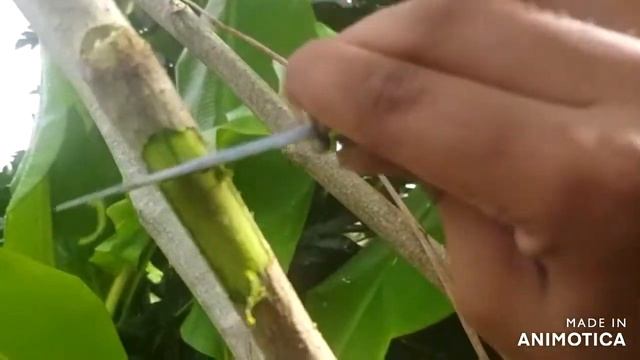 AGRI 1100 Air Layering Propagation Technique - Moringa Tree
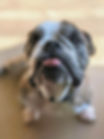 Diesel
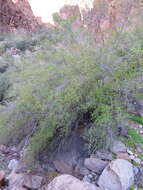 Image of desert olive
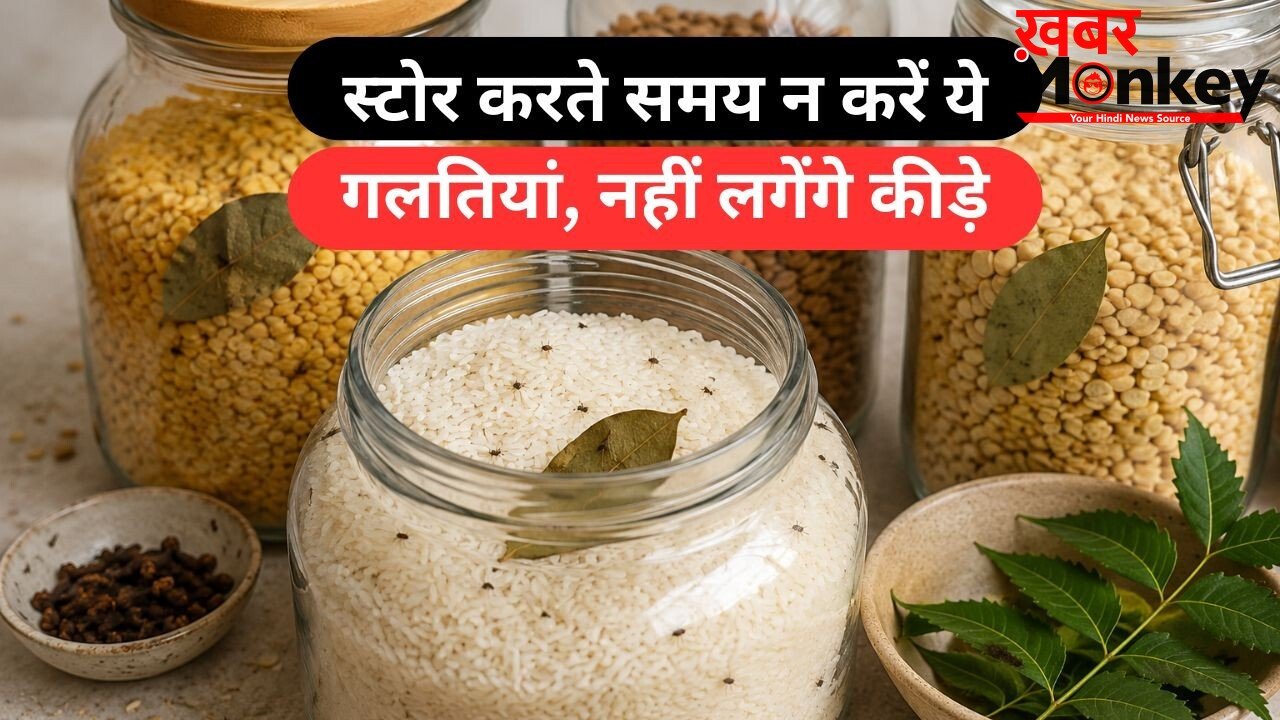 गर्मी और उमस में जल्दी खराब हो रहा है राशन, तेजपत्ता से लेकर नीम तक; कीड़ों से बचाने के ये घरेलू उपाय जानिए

__________

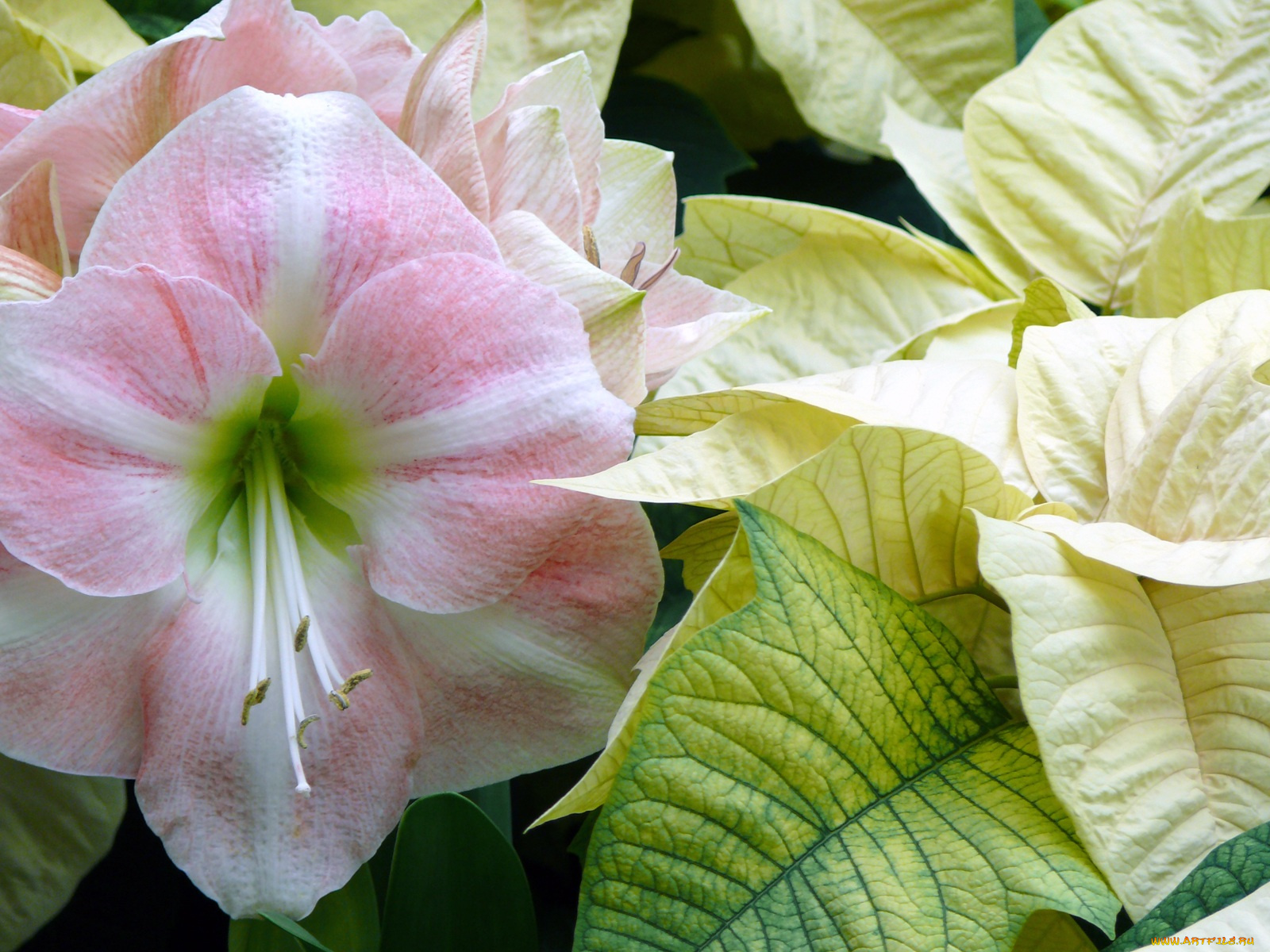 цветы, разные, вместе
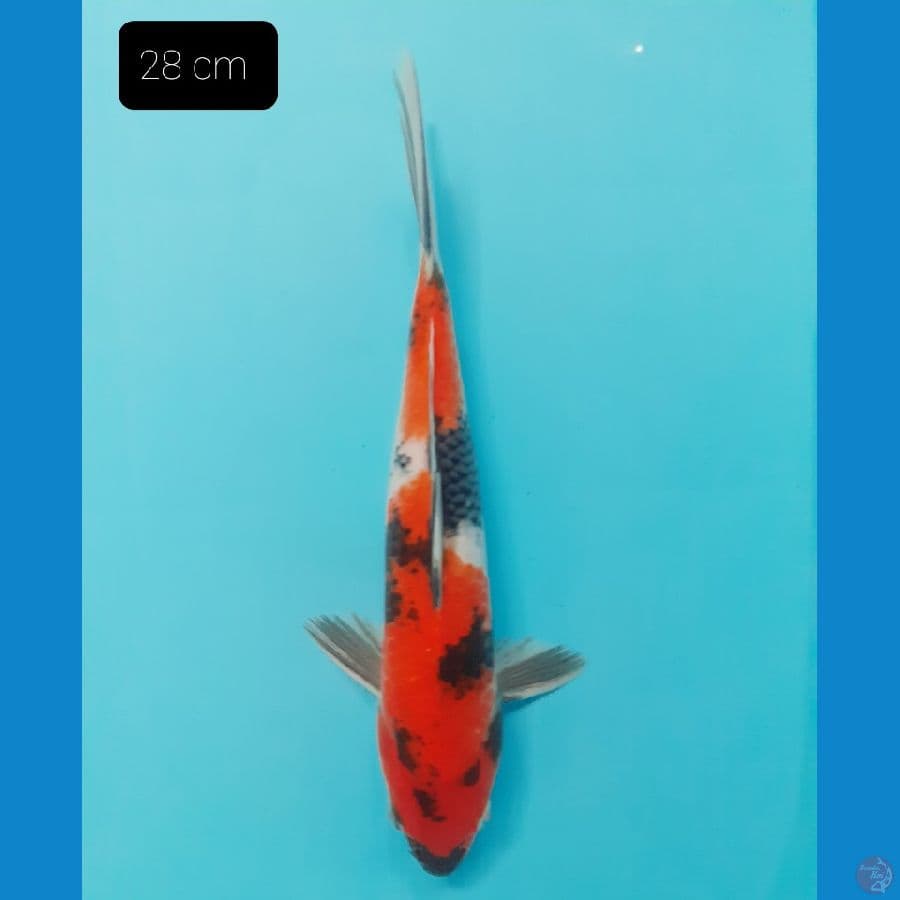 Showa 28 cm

__________

### TO DO
In the data above, start at the line holding "AGRI 1100 Air" and stop after the line holding "गर्मी और उमस"; write out those lines exactly, without pictures.

### RESULT FOR THIS EXERCISE
 AGRI 1100 Air Layering Propagation Technique - Moringa Tree
 Diesel
 Image of desert olive
 गर्मी और उमस में जल्दी खराब हो रहा है राशन, तेजपत्ता से लेकर नीम तक; कीड़ों से बचाने के ये घरेलू उपाय जानिए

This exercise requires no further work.